1. Réflexion : Le football, la religion du XXIe siècle ? :

La Coupe du monde 2010 de football bat actuellement son plein en Afrique du Sud.

C'est ce qui a incité le magazine LE PÉLERIN à faire une réflexion sur le rôle du football : Le football, la religion du XXIe siècle ?

Nous avons lu ceci, sous l'intitulé Le foot, une transcendance éphémère ? :

"... Philippe Villemus, professeur d’économie à Montpellier, membre de l’équipe d’organisation de la Coupe du monde en France en 1998 et auteur de Le dieu football ,y voit la survivance de rituels anciens, liés aux origines de ce sport. « Les jeux de pelote puis de balle au pied ont d’abord participé de cultes païens, notamment celui du soleil dans les civilisations mayas, chinoises ou européennes. Avec le temps, le foot a perdu ce caractère mystique. Mais, le match conserve un officiant (l’arbitre), une enceinte qui isole public et joueurs du reste du monde (le stade) et de la musique qui relie les hommes (les chants). Même devenu profane, il gardé du sacré ! »

N’est-ce pas aller un peu vite en besogne que de confondre rituel et religion ? « Les émotions que le foot suscite ne sont pas spirituelles, mais émotionnelles, précise Paul Dietschy, auteur d’une Histoire du football. Si fortes soient-elles, elles ne sont qu’éphémères. » « Le foot ne possède pas plus de transcendance que de théologie. Au fond, ce spectacle n’explique en rien d’où nous venons et où nous allons, insiste Christian Bromberger. Il consacre seulement les valeurs qui façonnent nos sociétés : le mérite individuel, avec des joueurs partis de rien qui deviennent tout, la solidarité inhérente aux sports collectifs, les appartenances régionales ou nationales. ..."

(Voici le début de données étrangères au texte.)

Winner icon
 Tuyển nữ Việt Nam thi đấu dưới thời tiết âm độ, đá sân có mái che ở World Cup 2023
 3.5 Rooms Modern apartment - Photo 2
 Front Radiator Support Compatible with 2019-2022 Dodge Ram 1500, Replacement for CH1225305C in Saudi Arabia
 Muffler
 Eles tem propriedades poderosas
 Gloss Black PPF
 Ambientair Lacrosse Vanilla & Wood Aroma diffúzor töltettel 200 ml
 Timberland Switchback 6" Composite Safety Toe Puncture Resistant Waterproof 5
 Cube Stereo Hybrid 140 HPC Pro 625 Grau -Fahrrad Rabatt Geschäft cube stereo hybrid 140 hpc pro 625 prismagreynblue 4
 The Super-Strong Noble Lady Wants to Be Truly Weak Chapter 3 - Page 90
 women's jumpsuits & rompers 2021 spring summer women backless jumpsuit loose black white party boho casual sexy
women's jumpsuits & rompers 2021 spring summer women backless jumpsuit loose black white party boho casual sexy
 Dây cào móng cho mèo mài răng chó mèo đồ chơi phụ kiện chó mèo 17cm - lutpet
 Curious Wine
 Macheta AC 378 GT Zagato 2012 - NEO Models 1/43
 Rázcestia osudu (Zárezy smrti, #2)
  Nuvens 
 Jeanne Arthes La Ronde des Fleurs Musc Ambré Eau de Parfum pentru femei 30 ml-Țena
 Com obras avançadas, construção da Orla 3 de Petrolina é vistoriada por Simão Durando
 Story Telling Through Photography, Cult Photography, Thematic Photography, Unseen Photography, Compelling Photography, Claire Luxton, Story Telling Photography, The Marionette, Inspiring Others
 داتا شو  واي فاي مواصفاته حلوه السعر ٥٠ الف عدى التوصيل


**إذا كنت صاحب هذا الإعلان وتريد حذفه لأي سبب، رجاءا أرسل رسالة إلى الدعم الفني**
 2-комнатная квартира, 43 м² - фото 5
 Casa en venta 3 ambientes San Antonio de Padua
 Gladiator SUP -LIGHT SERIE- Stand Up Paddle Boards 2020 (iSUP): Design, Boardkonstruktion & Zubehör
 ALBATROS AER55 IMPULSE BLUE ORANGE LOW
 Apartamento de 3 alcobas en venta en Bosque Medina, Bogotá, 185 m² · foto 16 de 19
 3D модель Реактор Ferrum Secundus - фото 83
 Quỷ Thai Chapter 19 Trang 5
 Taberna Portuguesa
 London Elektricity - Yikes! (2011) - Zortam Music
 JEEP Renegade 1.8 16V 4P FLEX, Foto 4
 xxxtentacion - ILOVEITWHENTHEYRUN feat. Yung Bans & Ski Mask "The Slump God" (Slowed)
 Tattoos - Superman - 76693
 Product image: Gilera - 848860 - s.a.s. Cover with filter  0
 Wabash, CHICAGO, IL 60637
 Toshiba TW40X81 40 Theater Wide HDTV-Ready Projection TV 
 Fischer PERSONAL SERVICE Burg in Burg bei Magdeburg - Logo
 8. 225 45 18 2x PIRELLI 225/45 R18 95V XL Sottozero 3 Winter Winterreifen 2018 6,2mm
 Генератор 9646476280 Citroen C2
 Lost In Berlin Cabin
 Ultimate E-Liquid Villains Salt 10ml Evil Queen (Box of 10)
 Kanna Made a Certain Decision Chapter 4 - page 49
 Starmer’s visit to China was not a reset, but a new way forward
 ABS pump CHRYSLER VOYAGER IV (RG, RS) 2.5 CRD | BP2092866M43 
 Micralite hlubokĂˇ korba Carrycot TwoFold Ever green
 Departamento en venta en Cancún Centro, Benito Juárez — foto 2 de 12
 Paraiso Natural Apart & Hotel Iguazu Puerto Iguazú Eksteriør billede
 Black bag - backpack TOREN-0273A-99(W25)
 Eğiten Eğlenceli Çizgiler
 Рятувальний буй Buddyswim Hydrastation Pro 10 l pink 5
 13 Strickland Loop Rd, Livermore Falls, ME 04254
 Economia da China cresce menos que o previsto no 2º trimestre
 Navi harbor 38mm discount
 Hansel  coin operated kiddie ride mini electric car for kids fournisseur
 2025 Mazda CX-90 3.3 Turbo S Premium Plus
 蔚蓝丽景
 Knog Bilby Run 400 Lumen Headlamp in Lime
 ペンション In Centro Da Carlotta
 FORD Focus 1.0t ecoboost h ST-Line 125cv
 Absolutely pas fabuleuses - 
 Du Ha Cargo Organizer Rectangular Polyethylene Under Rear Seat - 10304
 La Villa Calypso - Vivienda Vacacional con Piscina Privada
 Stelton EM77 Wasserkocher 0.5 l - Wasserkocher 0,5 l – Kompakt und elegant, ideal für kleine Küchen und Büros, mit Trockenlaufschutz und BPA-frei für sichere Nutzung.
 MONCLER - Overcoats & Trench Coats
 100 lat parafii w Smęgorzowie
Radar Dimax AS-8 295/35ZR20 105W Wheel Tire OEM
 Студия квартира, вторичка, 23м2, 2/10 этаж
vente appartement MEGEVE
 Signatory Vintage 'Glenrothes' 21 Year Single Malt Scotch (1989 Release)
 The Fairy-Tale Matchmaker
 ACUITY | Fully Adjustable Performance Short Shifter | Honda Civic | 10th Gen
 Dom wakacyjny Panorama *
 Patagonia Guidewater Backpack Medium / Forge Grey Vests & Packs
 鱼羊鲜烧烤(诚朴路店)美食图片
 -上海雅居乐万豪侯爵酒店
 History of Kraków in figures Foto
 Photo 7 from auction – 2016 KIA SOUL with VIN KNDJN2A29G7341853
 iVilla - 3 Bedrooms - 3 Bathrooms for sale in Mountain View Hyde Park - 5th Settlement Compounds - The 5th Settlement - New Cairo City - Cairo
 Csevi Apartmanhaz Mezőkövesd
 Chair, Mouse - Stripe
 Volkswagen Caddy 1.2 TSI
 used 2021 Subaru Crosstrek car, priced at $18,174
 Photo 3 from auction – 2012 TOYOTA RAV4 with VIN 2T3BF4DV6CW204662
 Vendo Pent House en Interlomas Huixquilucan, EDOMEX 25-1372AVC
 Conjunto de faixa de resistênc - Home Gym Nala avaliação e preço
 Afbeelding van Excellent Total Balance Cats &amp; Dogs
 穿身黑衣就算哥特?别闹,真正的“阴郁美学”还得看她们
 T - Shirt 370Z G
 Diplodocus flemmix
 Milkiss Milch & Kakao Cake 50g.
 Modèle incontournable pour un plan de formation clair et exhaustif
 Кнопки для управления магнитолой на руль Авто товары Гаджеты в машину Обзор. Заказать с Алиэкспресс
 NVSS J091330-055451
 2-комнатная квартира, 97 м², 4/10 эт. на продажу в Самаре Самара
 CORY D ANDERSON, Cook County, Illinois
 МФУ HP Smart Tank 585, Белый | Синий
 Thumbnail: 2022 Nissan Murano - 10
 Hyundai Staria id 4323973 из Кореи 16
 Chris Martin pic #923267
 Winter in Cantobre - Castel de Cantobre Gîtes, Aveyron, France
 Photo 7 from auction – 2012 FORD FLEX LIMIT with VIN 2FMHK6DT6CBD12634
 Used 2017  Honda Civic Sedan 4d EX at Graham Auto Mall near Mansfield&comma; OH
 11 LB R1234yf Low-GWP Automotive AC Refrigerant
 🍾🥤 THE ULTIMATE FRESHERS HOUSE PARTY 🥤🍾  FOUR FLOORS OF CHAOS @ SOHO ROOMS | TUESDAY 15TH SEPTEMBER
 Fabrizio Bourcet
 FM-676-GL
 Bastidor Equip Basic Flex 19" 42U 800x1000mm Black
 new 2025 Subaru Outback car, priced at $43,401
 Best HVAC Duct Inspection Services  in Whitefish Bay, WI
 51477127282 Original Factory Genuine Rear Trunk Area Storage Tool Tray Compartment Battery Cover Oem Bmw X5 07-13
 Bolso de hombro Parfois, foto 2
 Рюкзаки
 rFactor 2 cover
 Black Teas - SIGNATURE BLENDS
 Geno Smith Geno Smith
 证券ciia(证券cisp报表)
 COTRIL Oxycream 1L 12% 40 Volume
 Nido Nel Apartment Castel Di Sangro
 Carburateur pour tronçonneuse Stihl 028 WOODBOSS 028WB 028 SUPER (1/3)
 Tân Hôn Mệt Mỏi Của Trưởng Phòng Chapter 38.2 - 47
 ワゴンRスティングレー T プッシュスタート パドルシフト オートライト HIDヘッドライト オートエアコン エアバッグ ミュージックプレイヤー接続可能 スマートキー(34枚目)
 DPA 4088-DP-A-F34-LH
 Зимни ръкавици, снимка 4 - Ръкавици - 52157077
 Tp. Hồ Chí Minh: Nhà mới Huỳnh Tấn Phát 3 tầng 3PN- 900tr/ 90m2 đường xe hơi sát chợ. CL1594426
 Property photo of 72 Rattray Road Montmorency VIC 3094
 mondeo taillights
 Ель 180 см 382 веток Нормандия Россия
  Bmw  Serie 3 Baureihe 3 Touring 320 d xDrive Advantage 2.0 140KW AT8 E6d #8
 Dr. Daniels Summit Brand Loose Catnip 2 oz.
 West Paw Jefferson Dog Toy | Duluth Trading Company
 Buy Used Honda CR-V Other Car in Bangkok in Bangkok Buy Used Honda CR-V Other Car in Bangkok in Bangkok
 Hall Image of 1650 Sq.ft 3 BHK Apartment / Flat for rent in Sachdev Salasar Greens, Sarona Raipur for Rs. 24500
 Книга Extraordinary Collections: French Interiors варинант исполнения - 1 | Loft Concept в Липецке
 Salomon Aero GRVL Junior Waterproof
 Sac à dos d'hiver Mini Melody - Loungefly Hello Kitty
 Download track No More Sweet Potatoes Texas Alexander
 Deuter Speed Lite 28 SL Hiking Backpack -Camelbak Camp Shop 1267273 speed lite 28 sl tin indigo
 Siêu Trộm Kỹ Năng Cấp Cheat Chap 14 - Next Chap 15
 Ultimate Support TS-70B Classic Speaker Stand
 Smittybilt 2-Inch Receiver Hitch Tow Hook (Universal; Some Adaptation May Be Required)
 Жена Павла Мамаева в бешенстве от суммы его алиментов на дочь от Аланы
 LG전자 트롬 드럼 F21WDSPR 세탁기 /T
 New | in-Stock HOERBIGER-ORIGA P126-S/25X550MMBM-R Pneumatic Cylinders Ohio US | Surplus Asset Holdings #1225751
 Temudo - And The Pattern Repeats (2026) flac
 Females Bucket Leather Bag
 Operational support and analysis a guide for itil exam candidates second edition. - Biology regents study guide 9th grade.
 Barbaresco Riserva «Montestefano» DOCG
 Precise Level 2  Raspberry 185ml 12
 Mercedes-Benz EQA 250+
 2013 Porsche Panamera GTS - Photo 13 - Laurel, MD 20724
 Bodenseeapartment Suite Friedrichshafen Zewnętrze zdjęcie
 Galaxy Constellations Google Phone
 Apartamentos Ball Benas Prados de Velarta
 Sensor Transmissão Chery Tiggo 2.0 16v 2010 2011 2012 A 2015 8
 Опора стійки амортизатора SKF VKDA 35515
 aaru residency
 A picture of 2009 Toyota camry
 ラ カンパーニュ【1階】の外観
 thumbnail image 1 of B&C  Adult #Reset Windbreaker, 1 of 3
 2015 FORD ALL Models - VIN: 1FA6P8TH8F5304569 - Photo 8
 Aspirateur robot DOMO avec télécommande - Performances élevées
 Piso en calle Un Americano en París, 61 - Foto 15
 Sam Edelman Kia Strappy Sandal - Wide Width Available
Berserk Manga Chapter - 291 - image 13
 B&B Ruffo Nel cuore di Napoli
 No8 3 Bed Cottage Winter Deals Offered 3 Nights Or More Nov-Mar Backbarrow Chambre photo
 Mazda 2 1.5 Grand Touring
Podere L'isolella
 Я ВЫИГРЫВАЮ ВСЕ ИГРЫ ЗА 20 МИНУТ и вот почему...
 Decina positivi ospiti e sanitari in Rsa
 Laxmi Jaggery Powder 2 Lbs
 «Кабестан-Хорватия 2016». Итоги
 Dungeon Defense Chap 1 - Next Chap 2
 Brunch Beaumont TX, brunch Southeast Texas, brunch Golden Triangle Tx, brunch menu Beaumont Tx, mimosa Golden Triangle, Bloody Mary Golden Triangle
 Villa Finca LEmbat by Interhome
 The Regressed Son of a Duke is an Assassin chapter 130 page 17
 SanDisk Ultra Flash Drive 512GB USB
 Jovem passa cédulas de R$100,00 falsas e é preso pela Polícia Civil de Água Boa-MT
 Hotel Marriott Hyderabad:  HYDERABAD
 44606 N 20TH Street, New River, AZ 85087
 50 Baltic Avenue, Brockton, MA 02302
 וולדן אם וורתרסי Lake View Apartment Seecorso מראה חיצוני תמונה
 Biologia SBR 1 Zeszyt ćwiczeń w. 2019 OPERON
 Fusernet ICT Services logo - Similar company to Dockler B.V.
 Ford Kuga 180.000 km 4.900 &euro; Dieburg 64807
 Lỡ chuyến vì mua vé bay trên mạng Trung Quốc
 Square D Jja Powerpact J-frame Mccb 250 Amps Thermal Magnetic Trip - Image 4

Nous avons interrogé nos banques de textes sur l'attitude d'auteurs classiques concernant les jeux et nous avons trouvé plusieurs extraits qui peuvent alimenter et/ou prolonger la réflexion du magazine Le PÉLERIN :

  • Le jeu est un délassement :

    ARISTOTE, La Politique, VIII, p. 1337b :

    § 4. Εἰ δ´ ἄμφω μὲν δεῖ, μᾶλλον δὲ αἱρετὸν τὸ σχολάζειν τῆς ἀσχολίας καὶ τέλος, ζητητέον ὅ τι δεῖ ποιοῦντας σχολάζειν. Οὐ γὰρ δὴ παίζοντας· τέλος γὰρ ἀναγκαῖον εἶναι τοῦ βίου τὴν παιδιὰν ἡμῖν. Εἰ δὲ τοῦτο ἀδύνατον, καὶ μᾶλλον ἐν ταῖς ἀσχολίαις χρηστέον ταῖς παιδιαῖς (ὁ γὰρ πονῶν δεῖται τῆς ἀναπαύσεως, ἡ δὲ παιδιὰ χάριν ἀναπαύσεώς ἐστιν· τὸ δ´ ἀσχολεῖν συμβαίνει μετὰ πόνου καὶ συντονίας), διὰ τοῦτο δεῖ παιδιὰς εἰσάγεσθαι καιροφυλακοῦντας τὴν χρῆσιν, ὡς προσάγοντας φαρμακείας χάριν. Ἄνεσις γὰρ ἡ τοιαύτη κίνησις τῆς ψυχῆς, καὶ διὰ τὴν ἡδονὴν ἀνάπαυσις.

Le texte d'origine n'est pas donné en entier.